As state government flounders, has a beloved grocery store chain become “the moral center of Texas”?
AUSTIN, Texas — The past week had been a nightmare. A winter storm, one of the worst to hit Texas in a generation, robbed Lanita Generous of power, heat and water in her home. The food she had stored in her refrigerator and freezer had spoiled. She was down to her final five bottles of water.

“I have never felt so powerless,” Ms. Generous, a copywriter, said.

But on Sunday, as the sun shined and ice thawed in Austin, Ms. Generous did the same thing as many Texans in urgent need of food, water and a sense of normalcy: She went to H-E-B.

“They’ve been great,” she said, adding with just a touch of hyperbole: “If it hadn’t been for the bread and peanut butter, I would have died in my apartment.”

H-E-B is a grocery store chain. But it is also more than that. People buy T-shirts that say “H-E-B for President,” and they post videos to TikTok declaring their love, like the woman clutching a small bouquet of flowers handed to her by an employee: “I wish I had a boyfriend like H-E-B. Always there. Gives me flowers. Feeds me.”

The storm and its devastation have tested a notion of independence that is deeply ingrained in Texas, a sense that Texans and their businesses can handle things on their own without the intrusion of outsiders or the shackles of regulation.

It is an ideology evident in Texas’ decision to have a power grid of its own, one that was 
pushed by the storm to the edge of collapse and was a source of fury as millions were left without electricity during the worst of the frigid conditions.
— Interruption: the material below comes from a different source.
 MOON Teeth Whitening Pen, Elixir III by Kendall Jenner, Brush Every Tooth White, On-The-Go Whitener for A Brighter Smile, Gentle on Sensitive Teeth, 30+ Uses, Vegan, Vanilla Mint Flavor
But for many Texans, H-E-B reflected the ways the state’s maverick spirit can flourish: reliable for routine visits but particularly in a time of disaster, and a belief that the family-owned chain — with the vast majority of its more than 340 locations inside state lines — has made a conscious choice to stay rooted to the idea of being a good neighbor.

“It’s like H-E-B is the moral center of Texas,” said Stephen Harrigan, a novelist and journalist who lives in Austin. “There seems to be in our state a lack of real leadership, a lack of real efficiency, on the political level. But on the business level, when it comes to a grocery store, all of those things are in place.”